Search code examples
pythonyoutube-dl

What are the parameters to self._search_regex?


youtube-dl has in their CONTRIBUTING documentation

description = self._search_regex(
    r'<span[^>]+id="title"[^>]*>([^<]+)<',
    webpage, 'description', fatal=False)

What are the parameters to _search_regex? The documentation doesn't show what 'description' is? Is that an HTML attribute?


Solution

  • As an internal function (it starts with an underscore), it is not well-documented, but you can find its definition in the source code.

    _search_regex is a utility function that basically calls re.search, but unifies handling in the case the regular expression does not match. This is important as many extractors use regular expressions and it would be tiresome (not to mention a huge code duplication) to replicate the error handling all over the place.

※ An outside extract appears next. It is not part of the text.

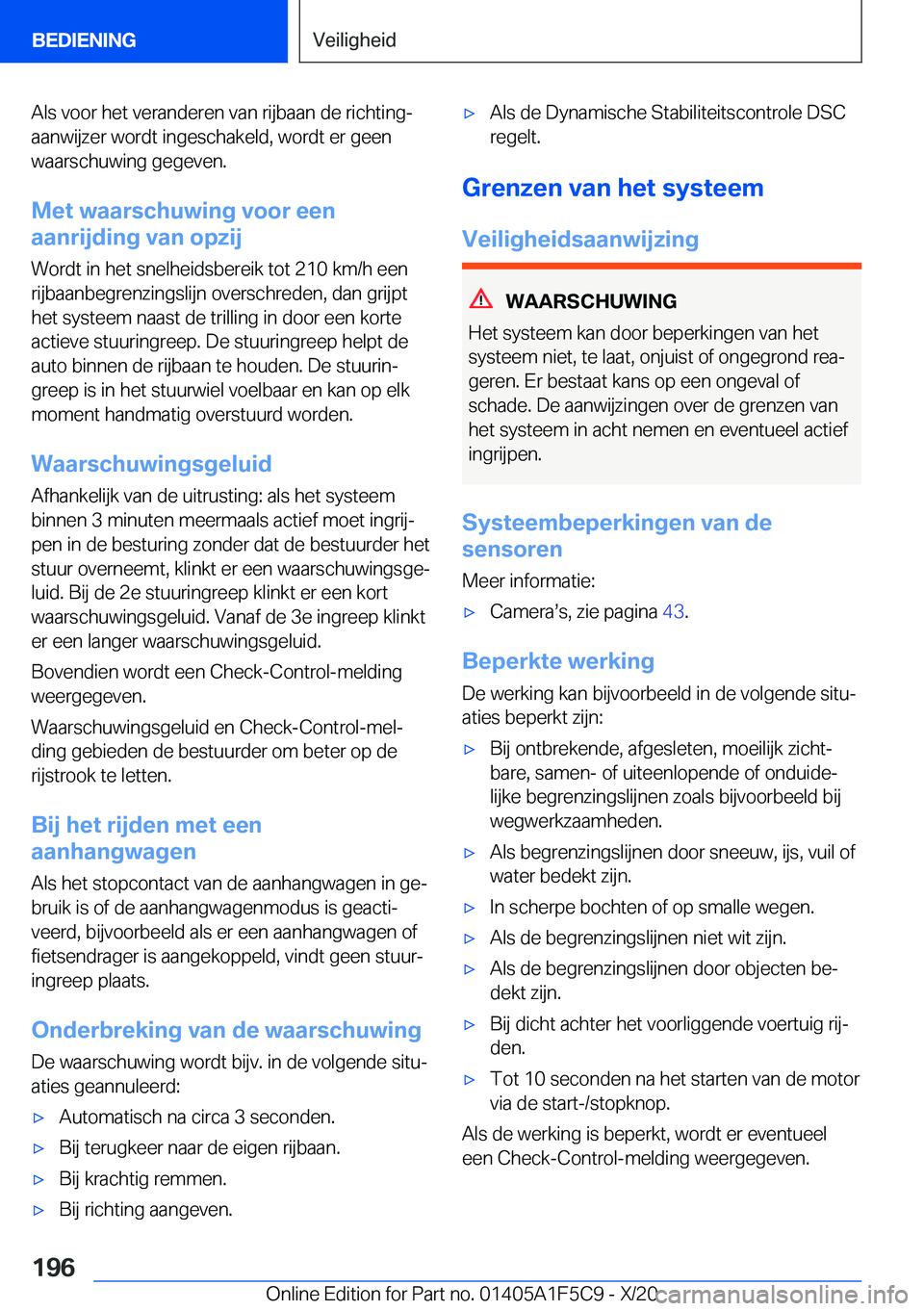 BMW X4 M 2021  Instructieboekjes (in Dutch) �A�l�s��v�o�o�r��h�e�t��v�e�r�a�n�d�e�r�e�n��v�a�n��r�i�j�b�a�a�n��d�e��r�i�c�h�t�i�n�gj�a�a�n�w�i�j�z�e�r��w�o�r�d�t��i�n�g�e�s�c�h�a�k�e�l�d�,��w�o�r�d�t��e�r��g�e�e�n
�w�a�a�r�s�c�h�u�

    Here are its parameters:

    • pattern: The regular expression being searched. For instance something like r'(?:foo|href)\s*=\s*(http://[^"]*)". Usually, the first captured group (i.e. the stuff in parentheses, but not beginning with ?:. For more information on regular expressions, consult the Python standard library documentation.
    • string: The string to search in (i.e. the haystack), downloaded from the service you are connecting to.
    • name: A name you chose; this is presented to the user if something fails. Should be unique withing your extractor. Examples are 'manifest URL' or 'content section'. That way, you know immediately where the problem lies if a user posts an error message without the stack trace.
    • default=NO_DEFAULT: Default value. Sometimes, there is a default in case the regexp doesn't match. If so, pass it in here.
    • fatal=True: If no default is given, this determines the behavior if the regular expression fails to match. True: abort extraction and throw a detailed error; for instance if extracting the video URL fails. False: Only omit a warning and go on; if searching for an optional field (e.g. description) fails.
    • flags=0 - Explicit regular expression flags. Rarely used; see the Python standard library documentation for more information.
    • group=None - Match a different group but the first one. Rarely used, only sensible if your regular expression contains named groups. Refer to the Python standard library documentation (keyword named groups) for more details.